▼▼▼

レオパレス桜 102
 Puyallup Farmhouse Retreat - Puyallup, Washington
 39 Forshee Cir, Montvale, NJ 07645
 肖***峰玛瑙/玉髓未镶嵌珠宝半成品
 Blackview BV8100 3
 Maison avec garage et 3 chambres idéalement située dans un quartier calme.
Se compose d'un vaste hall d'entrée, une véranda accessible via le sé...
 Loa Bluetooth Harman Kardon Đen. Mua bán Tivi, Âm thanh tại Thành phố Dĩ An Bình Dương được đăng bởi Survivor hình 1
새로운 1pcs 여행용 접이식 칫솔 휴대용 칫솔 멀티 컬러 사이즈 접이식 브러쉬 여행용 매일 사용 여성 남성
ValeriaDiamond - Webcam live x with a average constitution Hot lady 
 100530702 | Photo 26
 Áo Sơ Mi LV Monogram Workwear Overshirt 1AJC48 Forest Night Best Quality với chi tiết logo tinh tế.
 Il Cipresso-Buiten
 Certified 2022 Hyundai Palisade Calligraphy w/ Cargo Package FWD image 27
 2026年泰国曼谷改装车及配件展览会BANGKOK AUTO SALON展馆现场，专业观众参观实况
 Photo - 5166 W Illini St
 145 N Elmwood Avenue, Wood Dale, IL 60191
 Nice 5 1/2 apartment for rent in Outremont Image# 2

▲▲▲

Task to complete |
Using the data above, show each line where "Photo" occurs.

The answer |
 100530702 | Photo 26
 Photo - 5166 W Illini St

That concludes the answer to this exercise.